[Captioned web image data]
═══

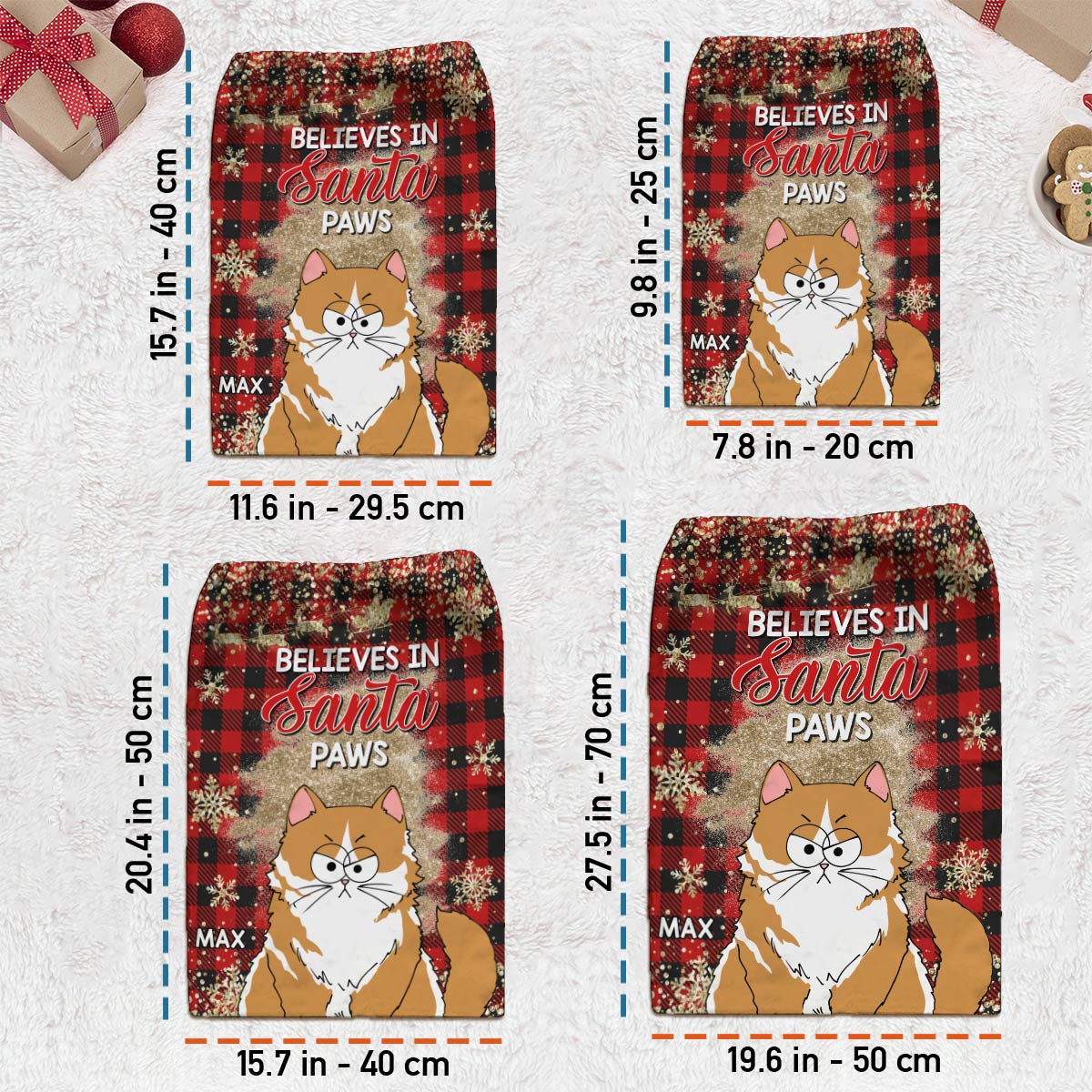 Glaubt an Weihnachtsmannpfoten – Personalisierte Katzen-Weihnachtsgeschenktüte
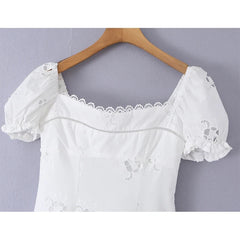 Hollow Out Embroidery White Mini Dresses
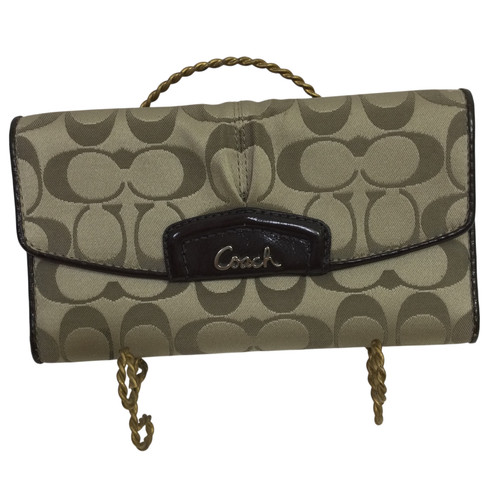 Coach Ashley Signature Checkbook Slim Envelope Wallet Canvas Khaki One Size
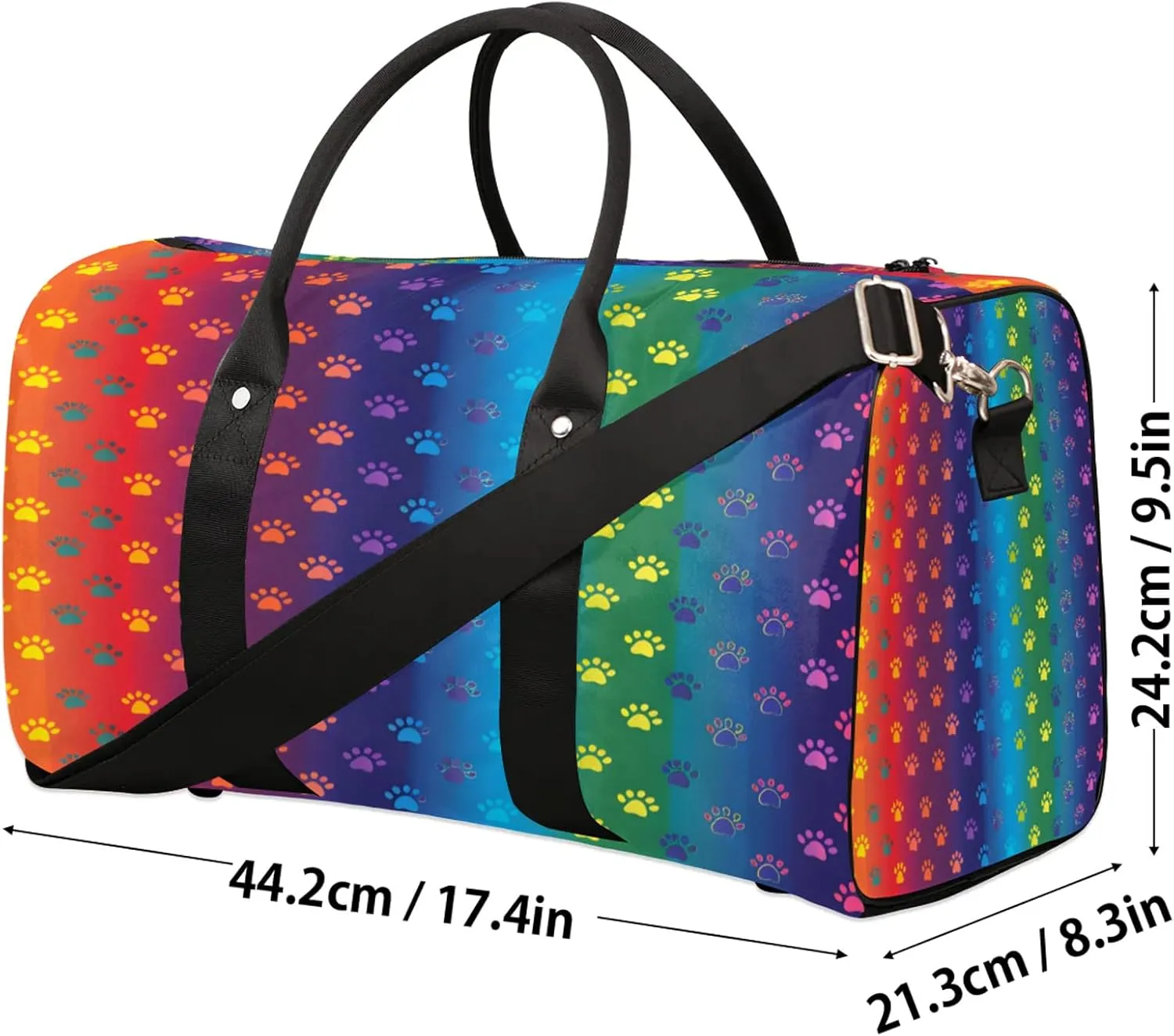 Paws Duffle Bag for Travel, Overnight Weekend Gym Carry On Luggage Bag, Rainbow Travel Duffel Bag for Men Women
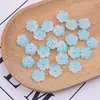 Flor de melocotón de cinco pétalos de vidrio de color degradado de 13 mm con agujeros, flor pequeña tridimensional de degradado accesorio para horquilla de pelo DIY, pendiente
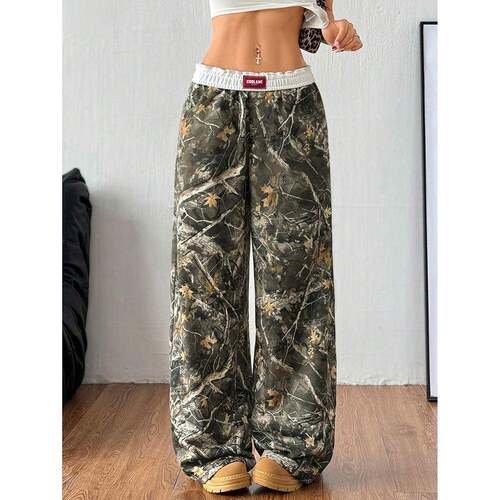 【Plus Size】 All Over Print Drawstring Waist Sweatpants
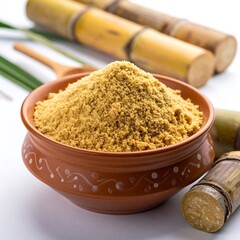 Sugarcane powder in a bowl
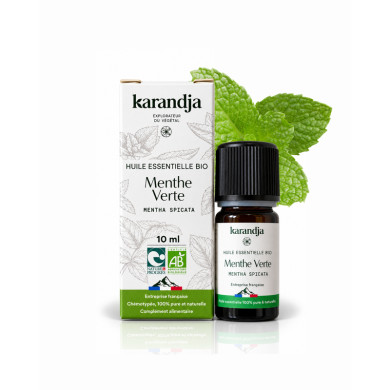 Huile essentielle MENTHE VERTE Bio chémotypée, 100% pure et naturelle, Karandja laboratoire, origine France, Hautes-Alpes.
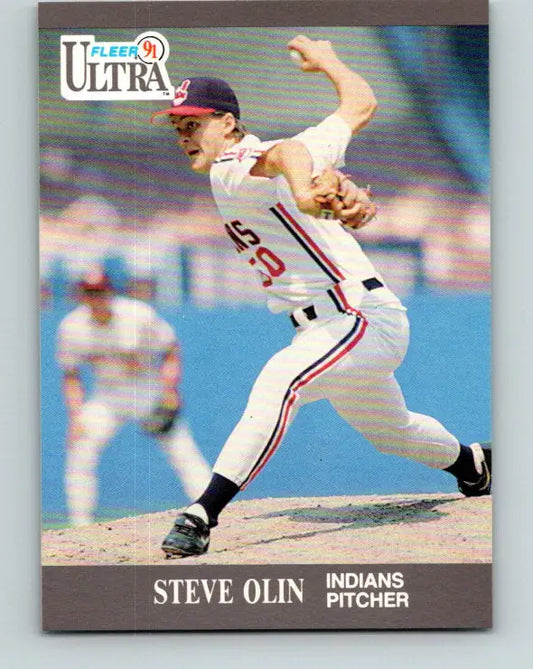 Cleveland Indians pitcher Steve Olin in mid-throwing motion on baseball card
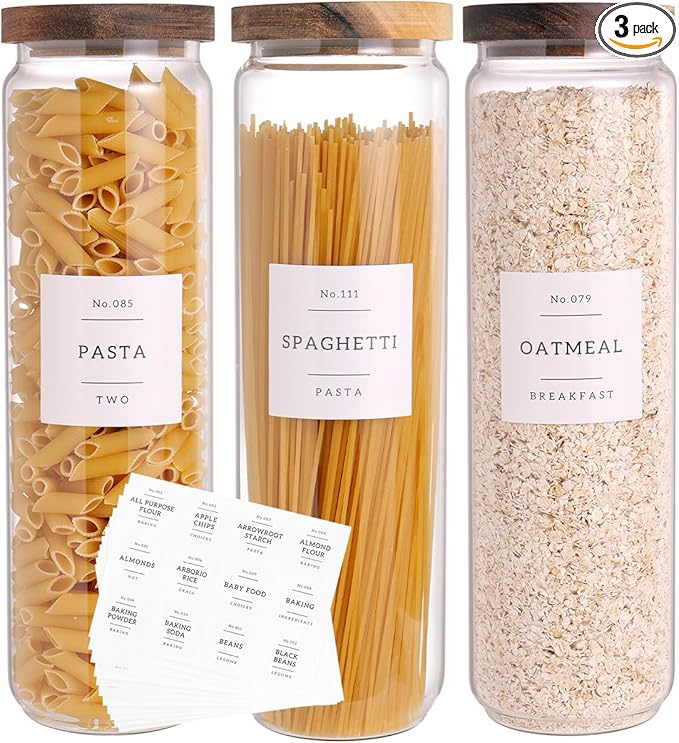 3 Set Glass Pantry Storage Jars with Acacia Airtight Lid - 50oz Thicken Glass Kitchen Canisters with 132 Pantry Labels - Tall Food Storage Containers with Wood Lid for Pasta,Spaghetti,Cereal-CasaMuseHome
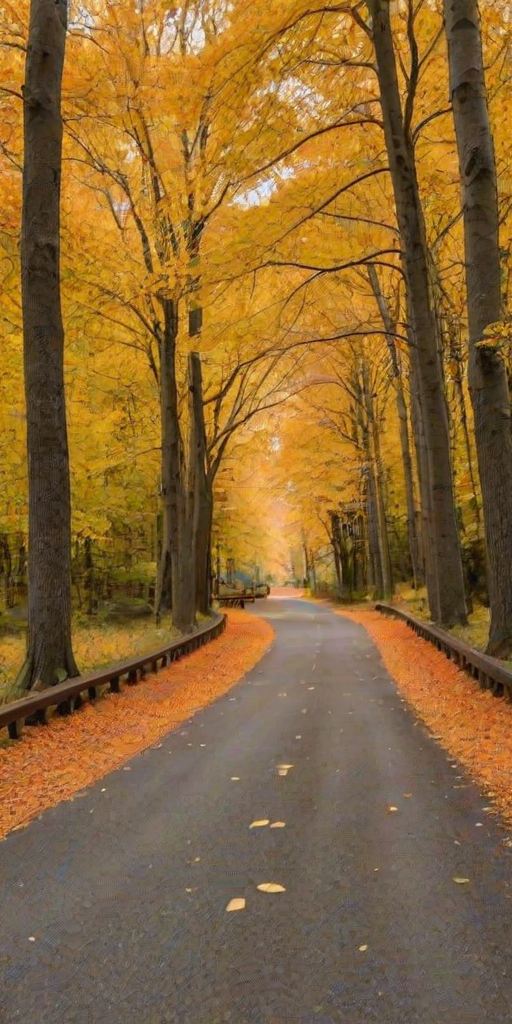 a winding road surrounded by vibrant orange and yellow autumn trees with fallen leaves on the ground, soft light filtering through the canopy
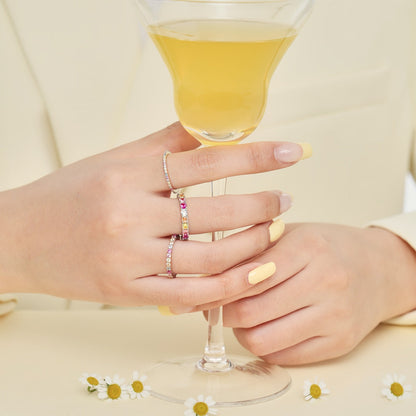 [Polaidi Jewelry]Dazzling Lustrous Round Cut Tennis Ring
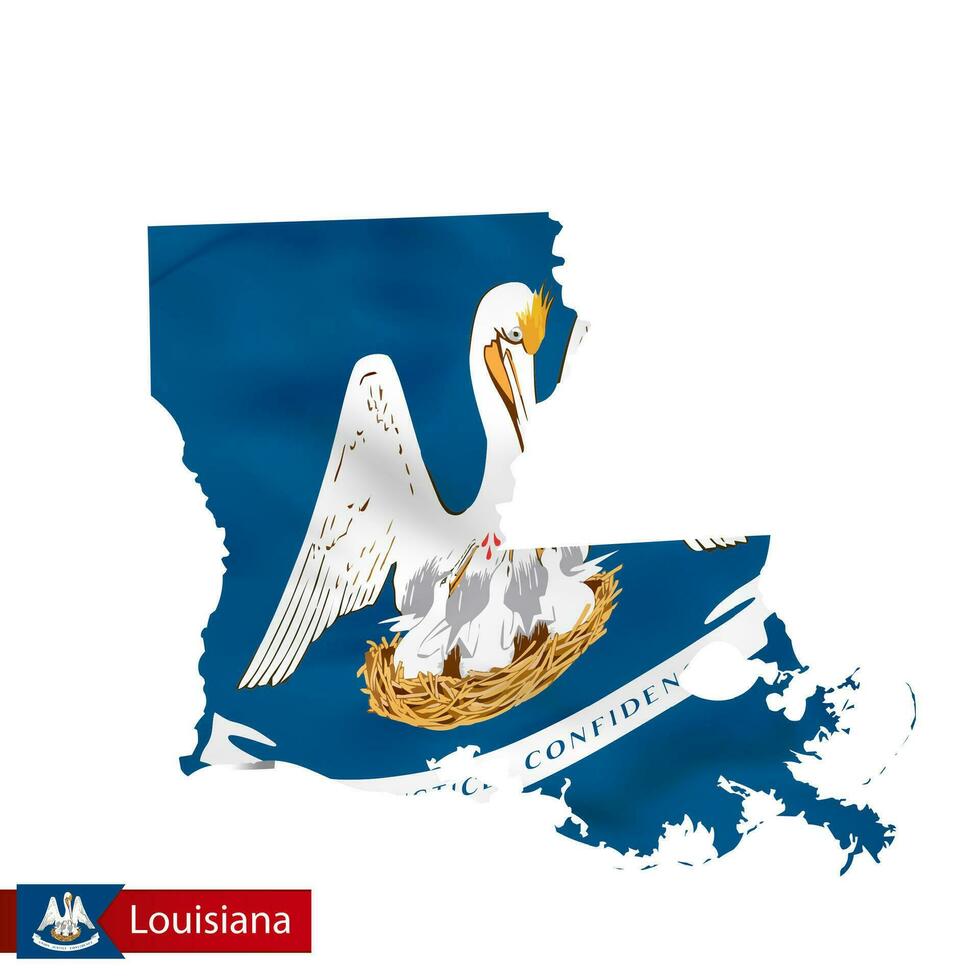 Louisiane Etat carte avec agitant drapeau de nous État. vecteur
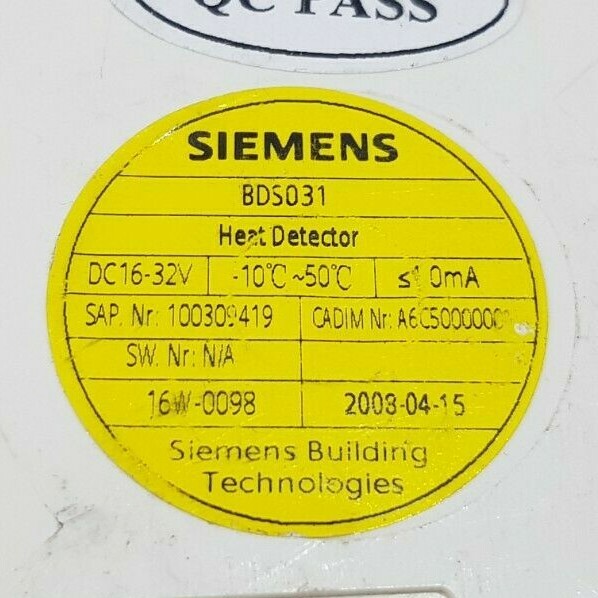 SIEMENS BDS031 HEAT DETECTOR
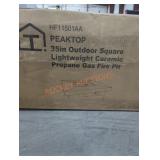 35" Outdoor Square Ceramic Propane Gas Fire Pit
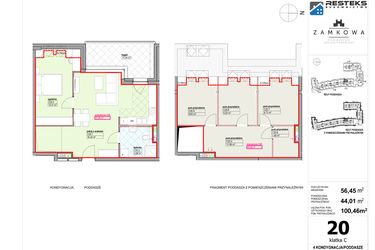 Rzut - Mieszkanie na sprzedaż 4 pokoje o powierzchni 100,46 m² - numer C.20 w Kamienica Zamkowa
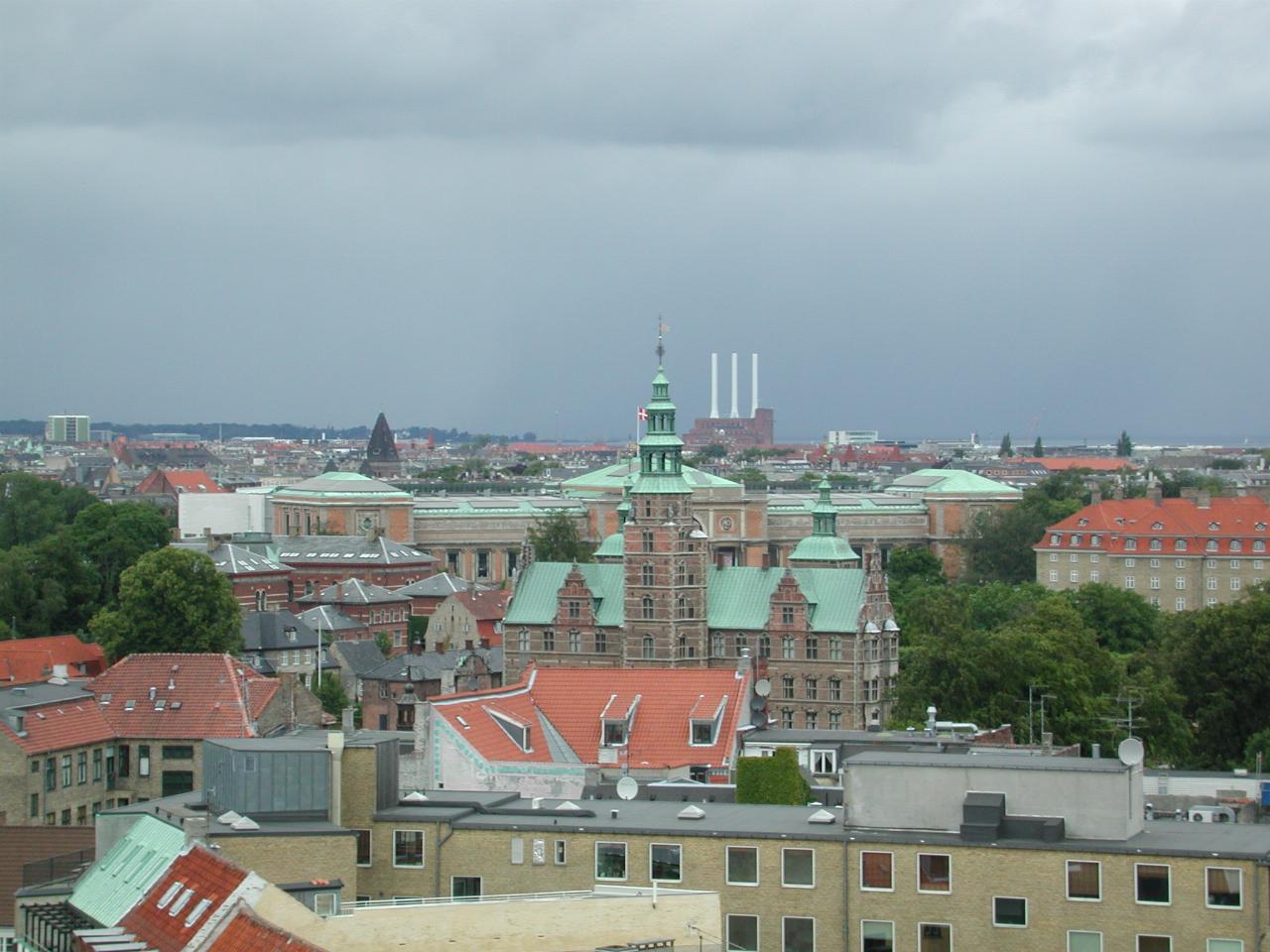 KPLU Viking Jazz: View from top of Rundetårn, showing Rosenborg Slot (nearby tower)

═══

## TASK PROMPT
Pictures do not belong in the copy. Please reproduce the entries above exactly otherwise.

## ANSWER TO THIS TASK
 Glaubt an Weihnachtsmannpfoten – Personalisierte Katzen-Weihnachtsgeschenktüte
 Hollow Out Embroidery White Mini Dresses
 Coach Ashley Signature Checkbook Slim Envelope Wallet Canvas Khaki One Size
 Paws Duffle Bag for Travel, Overnight Weekend Gym Carry On Luggage Bag, Rainbow Travel Duffel Bag for Men Women
 Flor de melocotón de cinco pétalos de vidrio de color degradado de 13 mm con agujeros, flor pequeña tridimensional de degradado accesorio para horquilla de pelo DIY, pendiente
 【Plus Size】 All Over Print Drawstring Waist Sweatpants
 Sugarcane powder in a bowl
 Huile essentielle MENTHE VERTE Bio chémotypée, 100% pure et naturelle, Karandja laboratoire, origine France, Hautes-Alpes.
 Cleveland Indians pitcher Steve Olin in mid-throwing motion on baseball card
 3 Set Glass Pantry Storage Jars with Acacia Airtight Lid - 50oz Thicken Glass Kitchen Canisters with 132 Pantry Labels - Tall Food Storage Containers with Wood Lid for Pasta,Spaghetti,Cereal-CasaMuseHome
 a winding road surrounded by vibrant orange and yellow autumn trees with fallen leaves on the ground, soft light filtering through the canopy
 [Polaidi Jewelry]Dazzling Lustrous Round Cut Tennis Ring
 Louisiane Etat carte avec agitant drapeau de nous État. vecteur
 SIEMENS BDS031 HEAT DETECTOR
 35" Outdoor Square Ceramic Propane Gas Fire Pit
 Rzut - Mieszkanie na sprzedaż 4 pokoje o powierzchni 100,46 m² - numer C.20 w Kamienica Zamkowa
 KPLU Viking Jazz: View from top of Rundetårn, showing Rosenborg Slot (nearby tower)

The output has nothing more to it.